“ Onegin en blanco y negro”
El Palacio de Festivales estrenó el ‘Eugene Onegin’ de Tchaikovsky dentro de la programación de la XI Temporada Lírica. Una propuesta con cierto riesgo conducida por la mano de Gian-Carlo del Mónaco en lo escénico y con la batuta de Jorge Rubio desde el foso.
Del Mónaco, uno de los directores escénicos más reputados de los últimos años, sigue siendo un maestro en lo que a movimiento, o quietud, de los espacios se refiere. Analiza cada obra y la disecciona para luego volverla a montar con un evidente sentido musical pero, sobre todo, con un profundo conocimiento de lo que es la escena. Sabe lo que quiere y lo hace de forma clara y concisa. Apreciamos un profundo trabajo de todos los intérpretes en lo que actuación se refiere. Como no puede ser de otra forma, se convierten en figuras de ajedrez que van evolucionando en una partida sobre un tablero en blanco y negro. Blanco de nieve y negro de nieve negra. Las fichas, perdón: los personajes también son blancos y negros en vestuario y caracterización, salvo el protagonista masculino, Onegin, que de cuadros y color acaba perteneciendo a uno de los dos colores, el negro de la desilusión y el desamor.
El concepto dramático hace que las cinco primeras escenas de esta ópera se sucedan sin solución de continuidad en un mismo espacio tanto escénico como temporal. La intención es buena y funciona dramáticamente, no sin dejar notar en algún momento cierto peso para el público. El espacio, les decía, es un bosque desnudo que irá cubriéndose de negro para situar el último acto de este Onegin. El estatismo y dimensión vertical de la escena tiene su correspondencia en el tratamiento del coro y de los solistas cuando no intervienen directamente en la acción: movimiento congelado o movimiento recurrente en estos casos provocando un valor específico de las figuras humanas muy interesante desde el punto de vista expresivo.

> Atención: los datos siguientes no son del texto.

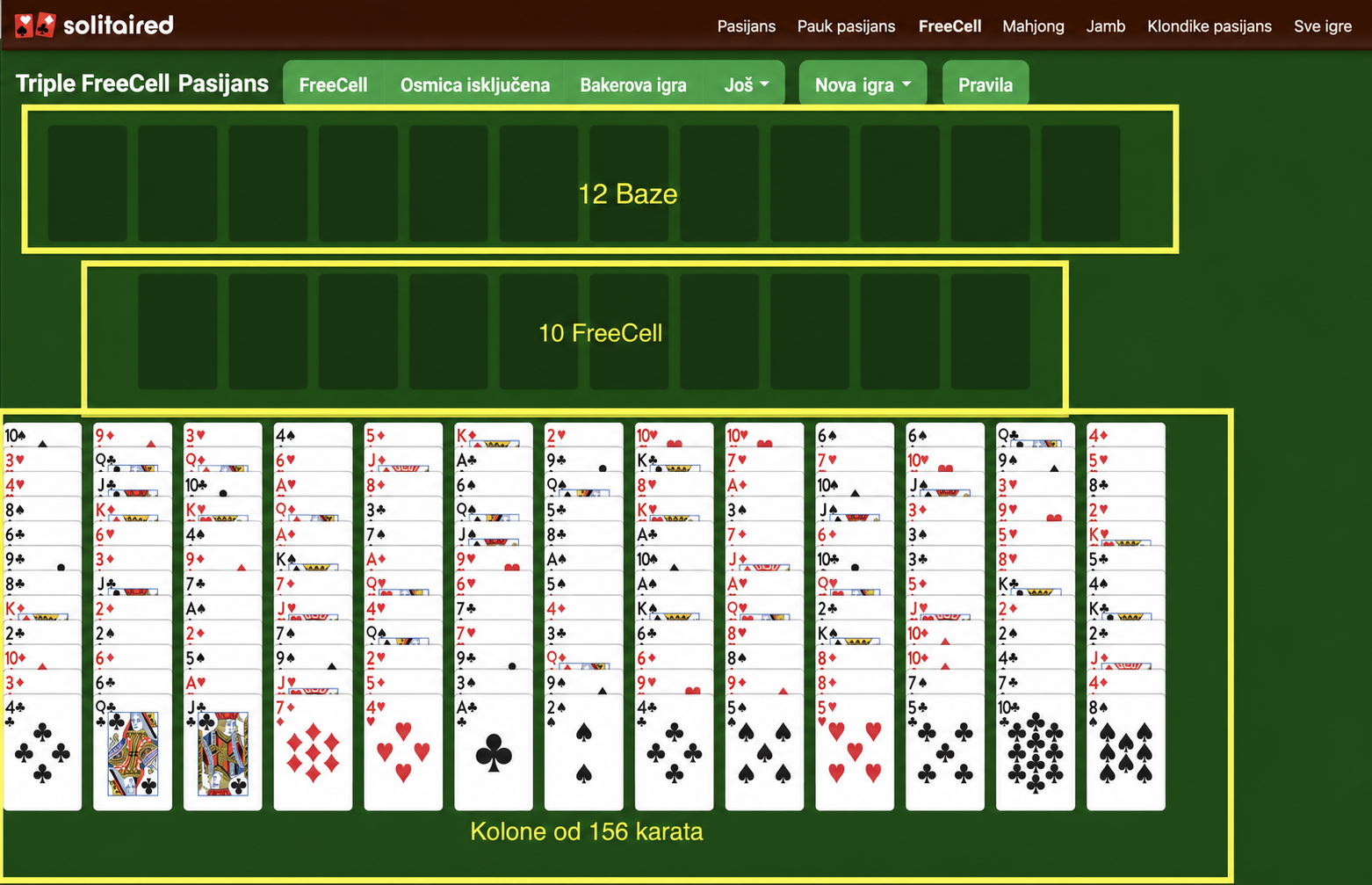 Kako postaviti igru Triple FreeCell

Del Mónaco también nos sorprende y emociona en muchos breves detalles aplicados a la propuesta, les hablo por ejemplo de las cartas –las blancas y las negras- que se cuelgan sobre los árboles para proclamar el amor, o del simbólico gramófono en el que suena la primera intervención del coro y que también hace circular una vela encendida en una sugerente escena de Tatiana. Vela omnipresente y metafórica de la vida y del amor, del fuego de la pasión o de la luz que ilumina tan solo a unos pocos.
Disculpen si mis palabras abundan en lo visual y no en el sonido, pero en esta producción todo lo que sucede sobre el escenario tiene mucho que decir y la calidad de lo visto fue tan impactante que así lo quiero atestiguar. Pero hablemos de la música.
Los solistas conformaron un grupo compacto y muy regular en lo vocal, exceptuando la extraordinaria presencia y calidad del tenor Serjhei Homov en el papel de Lenski. Despuntó sobre sus compañeros con una voz rica y potente, pero especialmente dotada de presencia y mucho control. Estamos tan acostumbrados a escuchar tenores que descompensan los elementos que conforman un buen timbre que resulta casi un honor encontrarnos con un registro tan pleno y equilibrado. Markus Butter, por su parte, hizo un Onegin correcto pero menos brillante de lo esperado desde su carácter de barítono. Tatiana, Elena Prokina, gustó mucho, especialmente en la cercanía de las dinámicas más suaves y Dragana Jugovic –Olga en esta ópera- nos brindó una voz potente y dramática pero con algunas veladuras en su desarrollo. Todos ellos, en mayor o menor medida, pagaron en algún momento el peso de la escena, al tener que, por exigencias del guión, proyectar su voz hacia el fondo o los laterales. Pero el precio más alto fue abonado por el Coro Lírico de Cantabria, oculto al fondo del escenario o empleado como elemento escénico: quietos o balanceándose de forma regular pero constante. Una utilización que, en este caso, nos impidió escuchar bien sus primeras intervenciones. Hace unos años, cuando Del Mónaco nos ofrecía en esta misma sala su Lady Macbeth también el coro participaba de este modo en muchas de las escenas. Será una marca del autor. En cualquier caso, salvando la parte primera que, al parecer, tendría que haberse oído más, esta particular forma de organizar la escena funciona como les decía al comienzo y lo hace muy bien.
La orquesta, la Sinfónica de Navarra, estuvo dirigida por Jorge Rubio con discreción y algún tropezón en la sección de viento. Todo al servicio de la escena. Como ven una producción muy interesante a la que, desafortunadamente, en su estreno no acudió el público en la medida que siempre es deseable. Imagino que muchos de los “aficionados a la ópera” no entiendan como interesante un título tan hermoso como este. Y es que no solo de Verdi o Puccini vive el hombre.